Nothing but the lines from the one containing "Bled, enseignement professionnel" through the end of the entries below should appear in your answer, transcribed exactly; please drop the pictures.

★ ★ ★

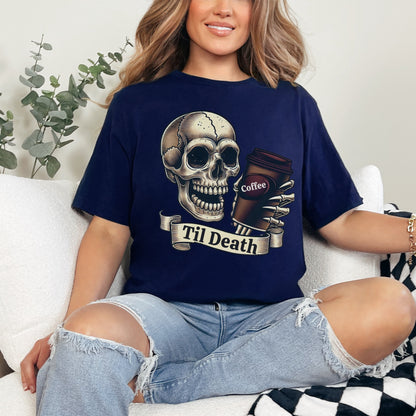 💀 Til Death Coffee Skull T-shirt - Spooky Goth Fashion for Halloween & Coffee Lovers ☕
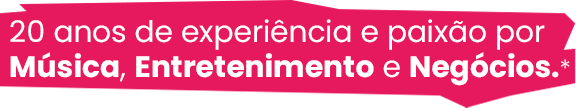 20 anos de experiência e paixão por música, entretenimento e negócios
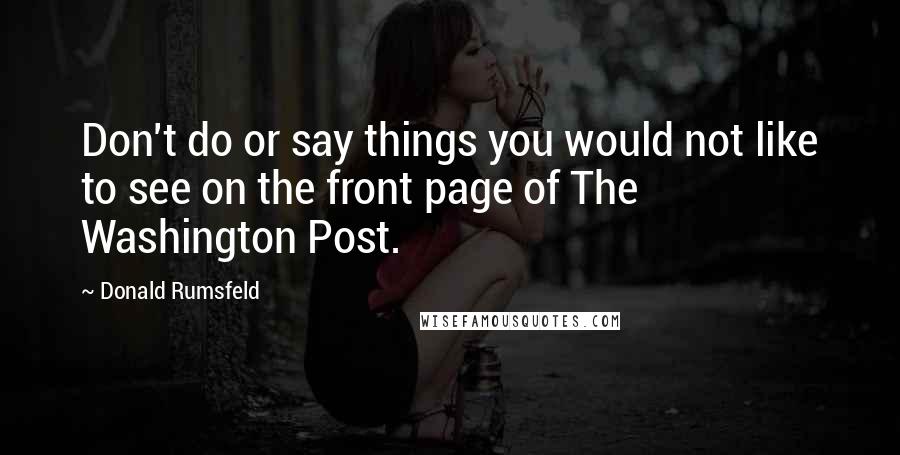 Donald Rumsfeld Quotes: Don't do or say things you would not like to see on the front page of The Washington Post.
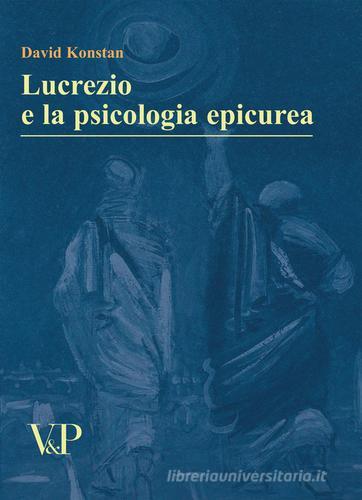 Lucrezio e la psicologia epicurea di David Konstan edito da Vita e Pensiero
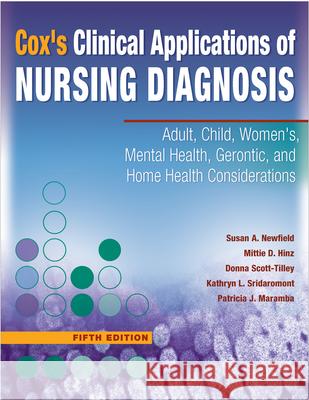 Cox's Clinical Applications of Nursing Diagnosis: Adult, Child, Women's, Mental Health, Gerontic, and Home Health Considerations Newfield, Susan A. 9780803616554 F. A. Davis Company - książka
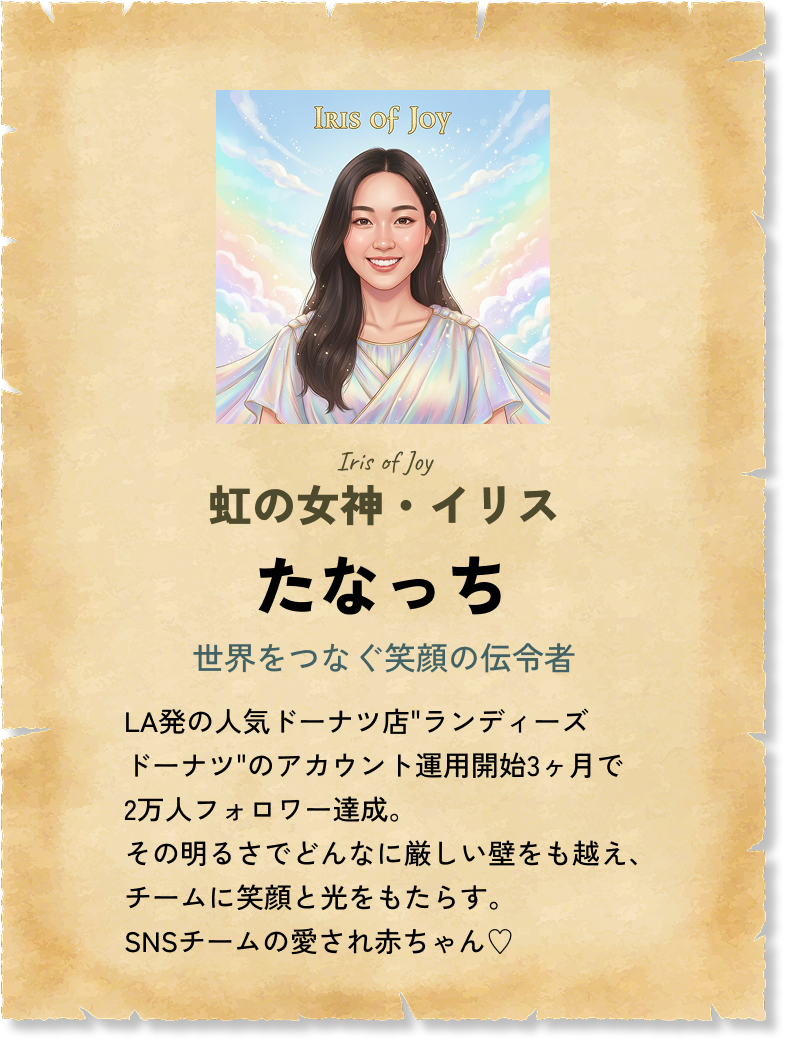 虹の女神・イリス たなっち 世界をつなぐ笑顔の伝令者 LA発の人気ドーナツ店'ランディーズドーナツ'のアカウント運用開始3ヶ月で2万人フォロワー達成。その明るさでどんなに厳しい壁をも越え、チームに笑顔と光をもたらす。SNSチームの愛され赤ちゃん♡ 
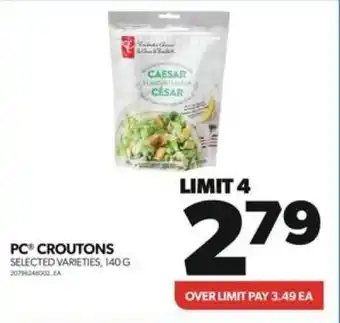 Real Canadian Superstore PC CROUTONS SELECTED VARIETIES, 140G offer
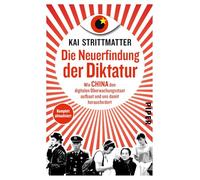 Die Neuerfindung der Diktatur: Wie China den digitalen Überwachungsstaat aufbaut und uns damit herausfordert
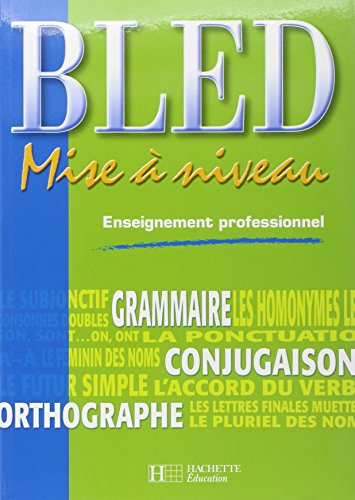 Bled, enseignement professionnel : mise à niveau grammaire, conjugaison, orthographe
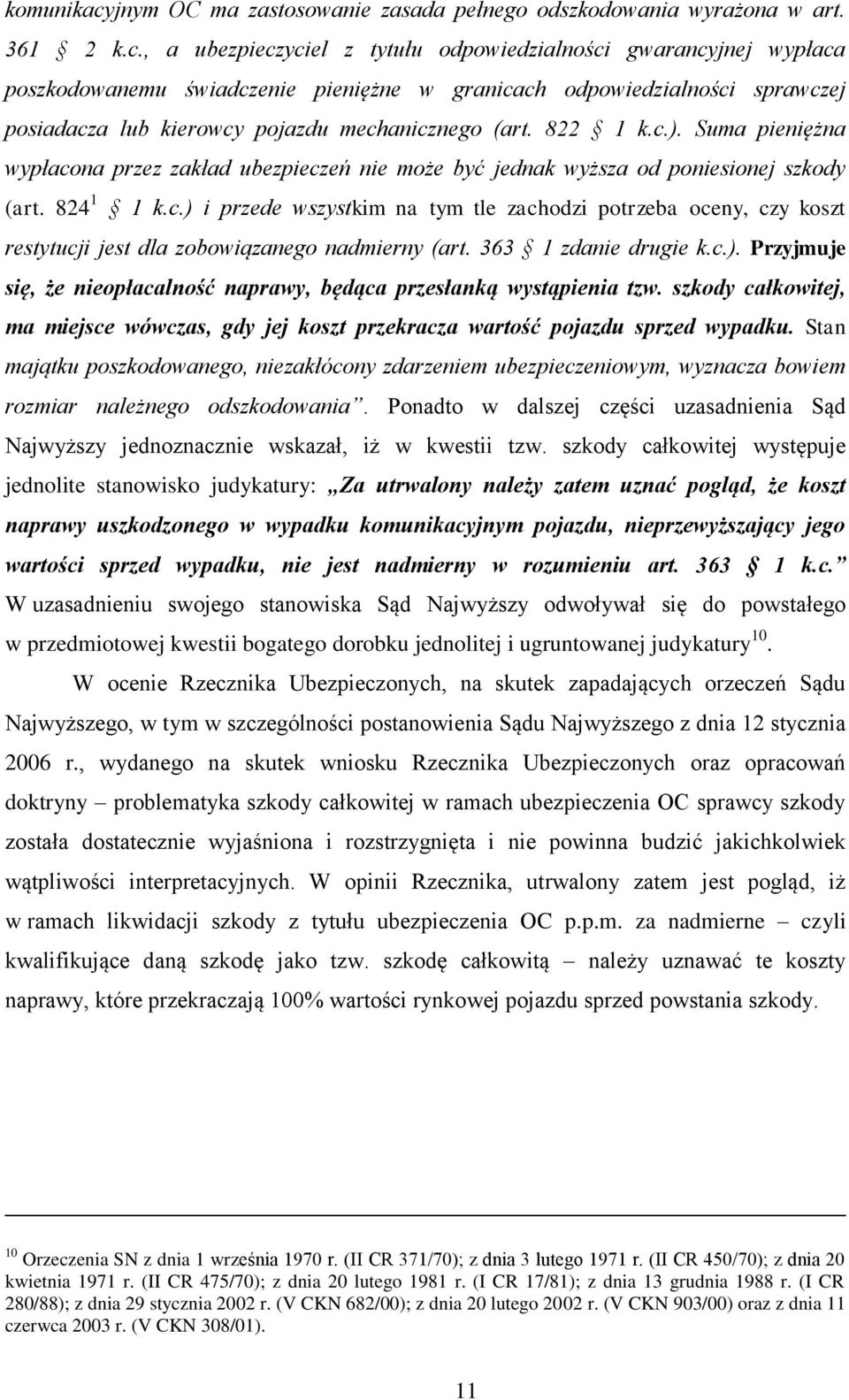 , a ubezpieczyciel z tytułu odpowiedzialności gwarancyjnej wypłaca poszkodowanemu świadczenie pieniężne w granicach odpowiedzialności sprawczej posiadacza lub kierowcy pojazdu mechanicznego (art.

★ ★ ★

◆ **Written solution**
 Bled, enseignement professionnel : mise à niveau grammaire, conjugaison, orthographe
 , a ubezpieczyciel z tytułu odpowiedzialności gwarancyjnej wypłaca poszkodowanemu świadczenie pieniężne w granicach odpowiedzialności sprawczej posiadacza lub kierowcy pojazdu mechanicznego (art.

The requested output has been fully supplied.